# Best Pizza Brands



## The Conqueror (Feb 23, 2010)

And The best pizza brand is...



Dominos
PapaJohns
Pizzahut
Other - Please specify
If you ordered online/telephone please mention the time taken for delivery.

---------- Post added at 03:35 PM ---------- Previous post was at 03:33 PM ----------

I feel PapaJohns and Pizza hut are the best as far as quality is concerned though they are a bit expensive too...


----------



## kalpik (Feb 23, 2010)

I love PapaJohns!

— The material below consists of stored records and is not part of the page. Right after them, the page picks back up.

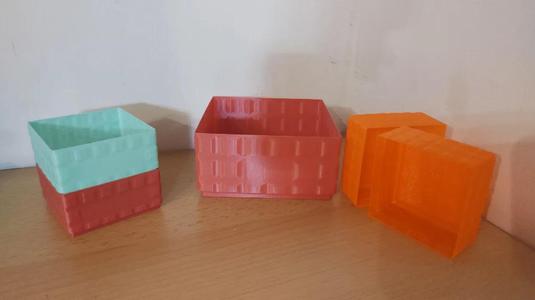 Stackable Storage Boxes (Vase Mode)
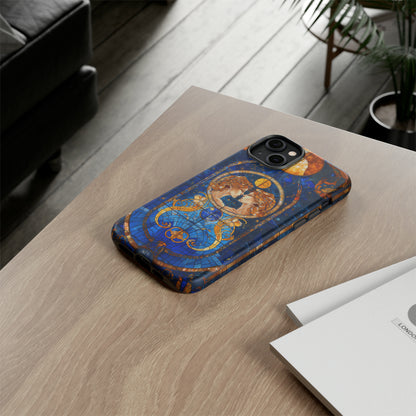 Gemini Astrology Stained Glass Phone Case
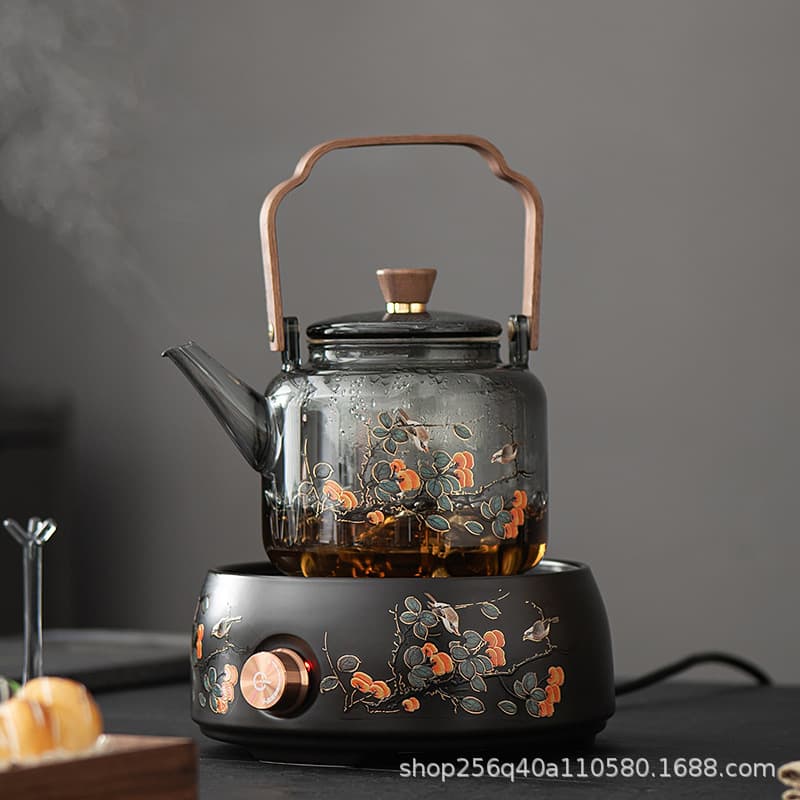 Small Ceramic Glass Electric Tea Stove for Boiling Water, Mini Can Tea Maker, Household Electric Hot Pot for Health Tea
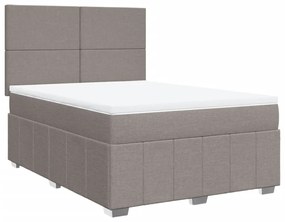 ΚΡΕΒΑΤΙ BOXSPRING ΜΕ ΣΤΡΩΜΑ TAUPE 160X200 ΕΚ. ΥΦΑΣΜΑΤΙΝΟ 3294016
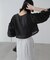 ［グレーカラーWEB限定］袖ドロストギャザーボレロ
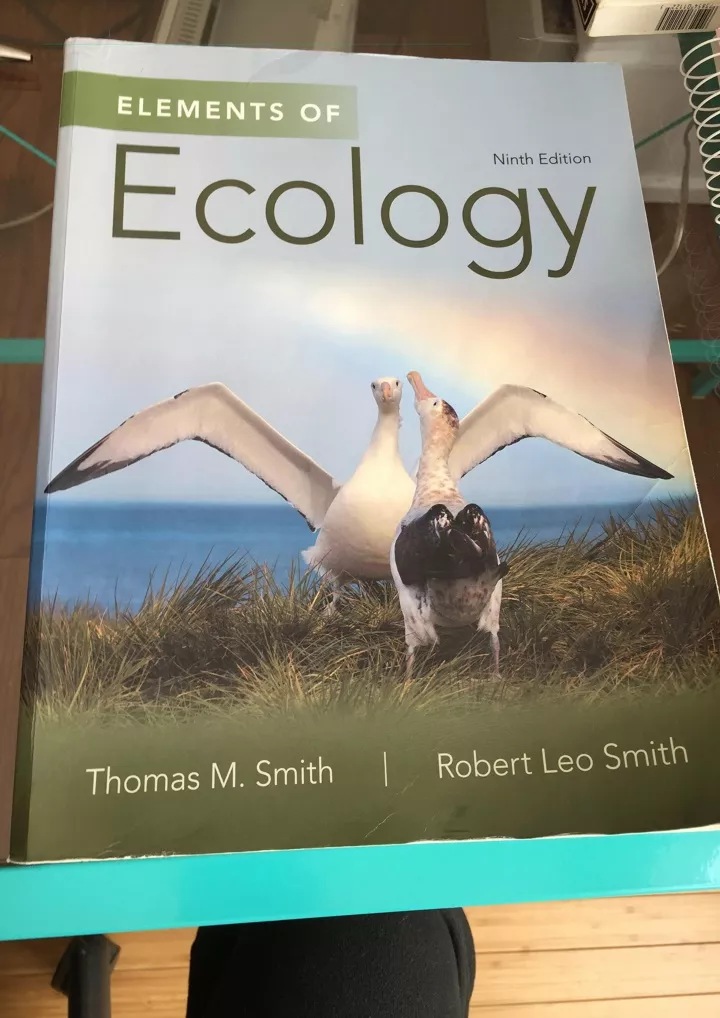 pdf elements of ecology download pdf read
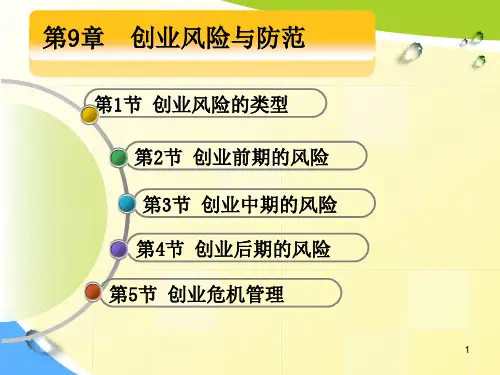 创业风险与防范ppt课件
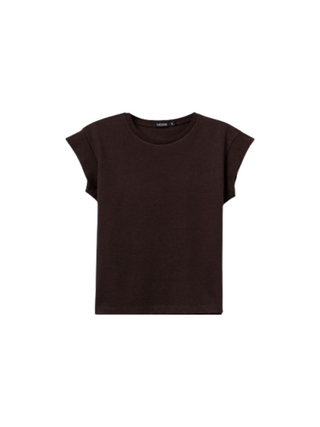 Tiffosi T-shirt Donna Mod. 10066000 MANDIE 290 Cioccolato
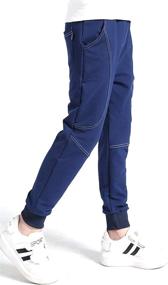 img 2 attached to 👖 Stylish BASELE Fashion Sweatpants with Athletic Drawstring - Trendy Boys' Clothing Pants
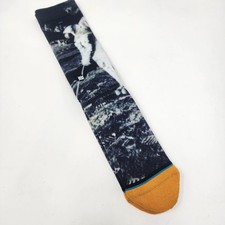 Stance Astronaut Crew Socks Mens L Man Moon Cushion Stretch Unisex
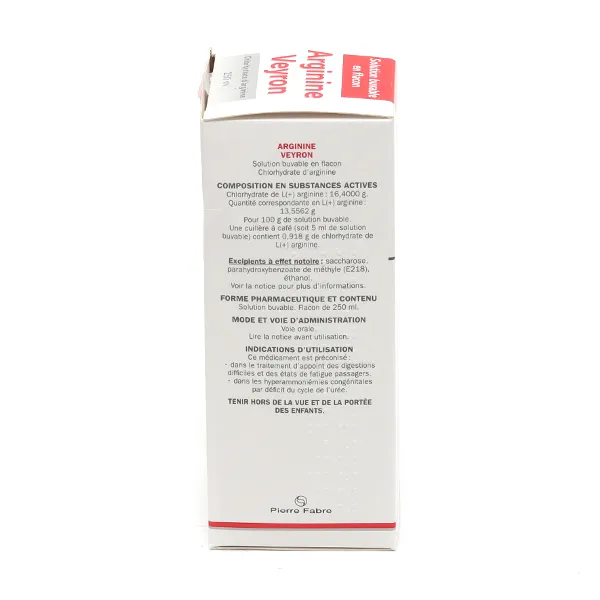Arginine Veyron solution buvable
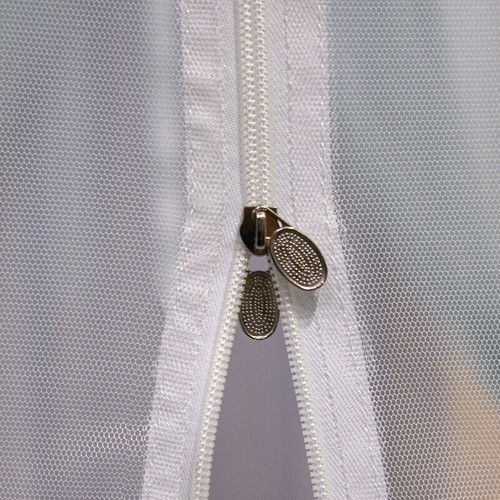Mosquito Net Double Layers Bed Netting With Zipper Tubes Summer Curtain For Bed - Picture 35 of 72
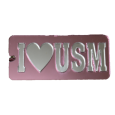 I Heart USM Keychain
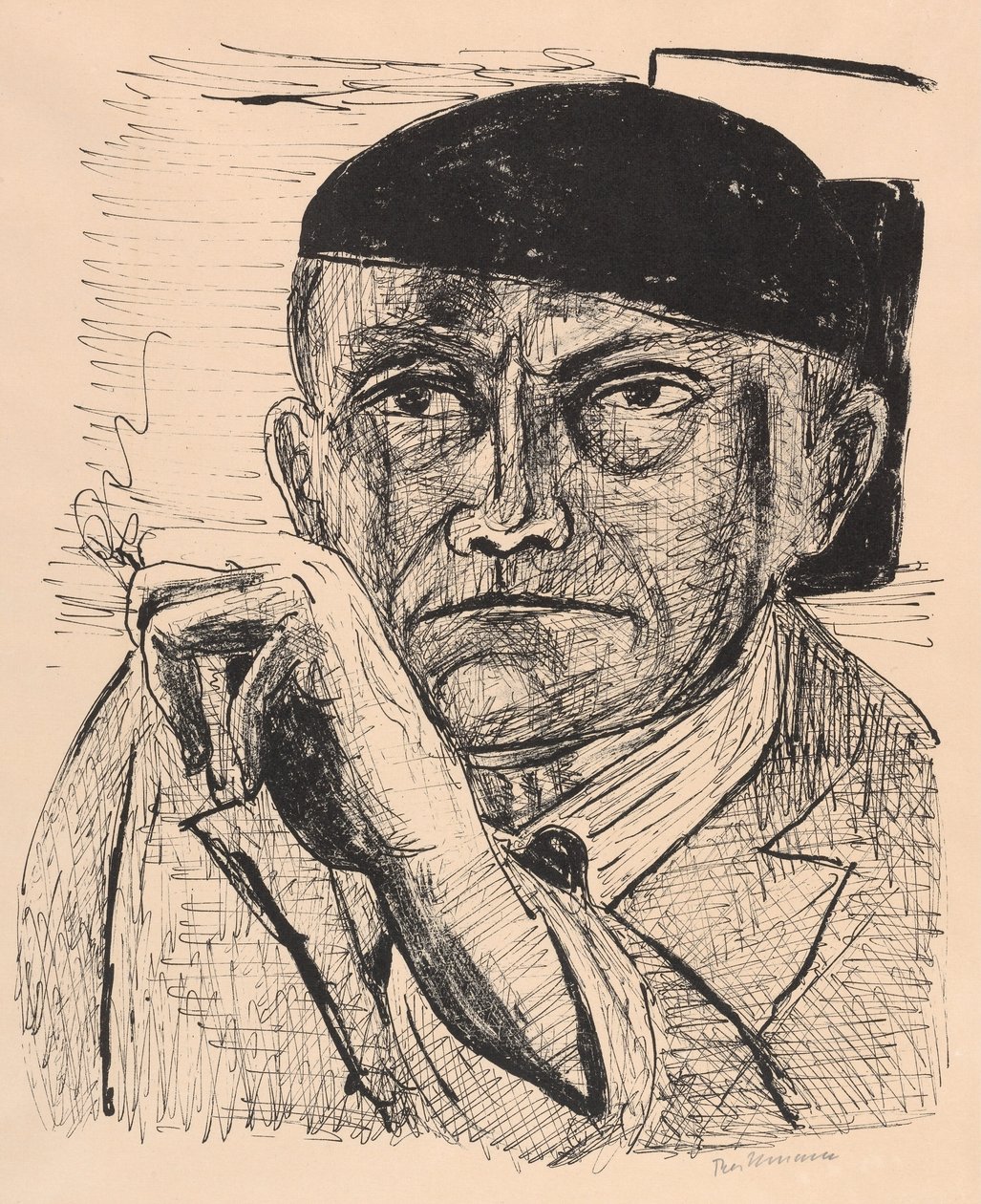 Autoportrait (Selbstbildnis) - Max Beckmann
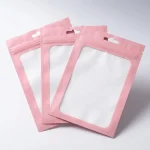 Resealable ziplock plastic bags applied on luxury gift packaging demonstrating 3D laser reflection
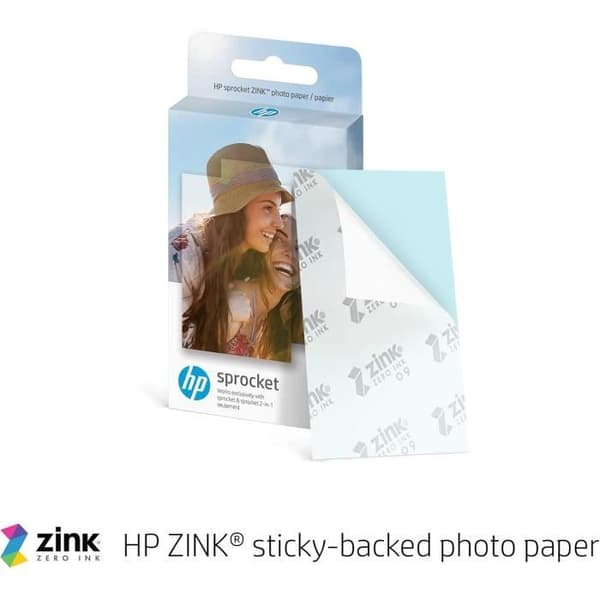 Bärbar fotoprinter - HP - Sprocket - 2x3 tum - Lila - Bluetooth 5.0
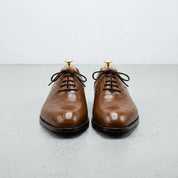 Handcrafted Men's Brown Alligator Leather Oxford Shoes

The quality and taste is outstanding!


----------



## ssk_the_gr8 (Feb 23, 2010)

cant comment.. cause the only thing i've had is dominos & i love it... lets see who wins


----------



## Faun (Feb 23, 2010)

wtf is wrond with numbering in first post ? bad bad CSS


----------



## rhitwick (Feb 23, 2010)

^If using bullets then only it happens...
I like Dominos, PizzaHut, bad quality and quantity


----------



## Chirag (Feb 23, 2010)

I don't like Dominos. Pizza hut is good but costly. Garlic bread, ftw! Is PapaJohns good? My friend said not that good so never tried. Which one should I go for in PapaJohns?  Both veg and nonveg.


----------



## desiibond (Feb 23, 2010)

kanjar said:


> wtf is wrond with numbering in first post ? bad bad CSS



TDF if doing things "out of the box" 

Pizza Hut for me


----------



## tarey_g (Feb 24, 2010)

kalpik said:


> I love PapaJohns! The quality and taste is outstanding!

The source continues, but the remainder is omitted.